Running Benchmarks
TALA uses Criterion for all benchmarks. Each crate that contains performance-critical code has a benchmark suite in its benches/ directory. Criterion produces stable, statistically rigorous measurements with HTML reports.
Prerequisites
- Rust toolchain as pinned in
rust-toolchain.toml - A machine with AVX2 support for SIMD benchmarks (most x86-64 CPUs from 2013+)
- Close other workloads to reduce measurement noise
Running All Benchmarks
From the workspace root:
cargo bench
This runs every benchmark suite across all crates. Expect 2-5 minutes depending on hardware.
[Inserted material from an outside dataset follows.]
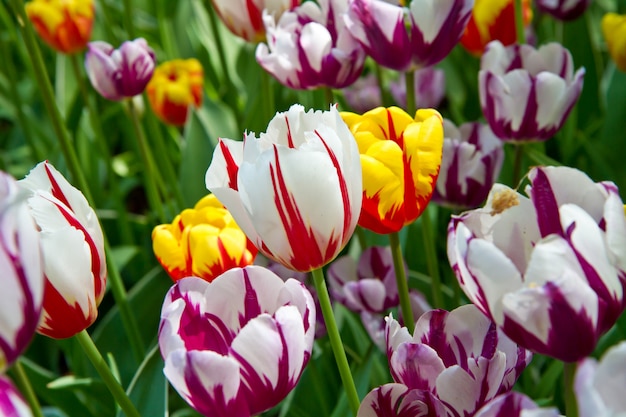 Tulip Park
Results are printed to the terminal and saved as HTML reports.
Per-Crate Benchmarks
Run benchmarks for a single crate:
# Embedding engine (cosine, batch, HNSW)
cargo bench --bench embed_bench
# Wire format (columnar, CSR, Bloom, segment)
cargo bench --bench wire_bench
# Graph engine
cargo bench --bench graph_bench
# Storage engine (WAL, hot buffer, query, ingest pipeline)
cargo bench --bench store_bench
Filtering Benchmarks
Criterion accepts a filter argument to run a subset of benchmarks by name:
# Only cosine similarity benchmarks
cargo bench --bench embed_bench -- cosine
# Only HNSW benchmarks
cargo bench --bench embed_bench -- hnsw
# Only WAL benchmarks
cargo bench --bench store_bench -- wal
HTML Reports
Criterion generates HTML reports in target/criterion/. After running benchmarks:
# Open the report index
open target/criterion/report/index.html
Each benchmark group has its own page with:
- Time distribution plot (violin or PDF)
- Iteration time scatter plot
- Comparison against the previous run (if available)
- Statistical summary (mean, median, standard deviation, confidence interval)
Interpreting Results
Terminal Output
Criterion prints a summary for each benchmark:
cosine_similarity/avx2/384
time: [39.2 ns 39.6 ns 40.1 ns]
change: [-0.5% +0.3% +1.1%] (p = 0.42 > 0.05)
No change in performance detected.
- The three values in brackets are the lower bound, point estimate, and upper bound of the 95% confidence interval.
- The
changeline compares against the previous run. If the change is statistically significant (p < 0.05), Criterion reports "Performance has regressed" or "Performance has improved."
Comparing Against Targets
After running benchmarks, compare measured values against the targets in Benchmark Targets:
| Operation | Target | What to Check |
|---|---|---|
| Cosine similarity | < 20ns | cosine_similarity/avx2/384 |
| Batch cosine 1K | < 50us | batch_cosine/1000 |
| Batch cosine 100K | < 5ms | batch_cosine_parallel/100000 |
| HNSW search | < 1ms | hnsw_search/10000 |
| Semantic query | < 50ms | semantic_query/10000 |
Any passing target that regresses beyond its threshold is a merge blocker.
Stable Measurements
For reliable results:
-
Disable CPU frequency scaling: set the governor to
performancemode.sudo cpupower frequency-set -g performance -
Pin to a single NUMA node (multi-socket systems):
numactl --cpunodebind=0 --membind=0 cargo bench -
Warm up: Criterion automatically runs warmup iterations. The default configuration is sufficient for most benchmarks.
-
Multiple runs: if a result is borderline, run the benchmark three times and take the median.
Adding New Benchmarks
Benchmarks live in crates/<name>/benches/<name>_bench.rs. Follow this structure:
#![allow(unused)] fn main() { use criterion::{criterion_group, criterion_main, Criterion}; fn bench_operation(c: &mut Criterion) { let mut group = c.benchmark_group("operation_name"); // setup group.bench_function("variant", |b| { b.iter(|| { // code under measurement }) }); group.finish(); } criterion_group!(benches, bench_operation); criterion_main!(benches); }
Register the benchmark in the crate's Cargo.toml:
[[bench]]
name = "<name>_bench"
harness = false
Use harness = false to let Criterion control the benchmark harness. Use Throughput annotations for operations measured in elements per second.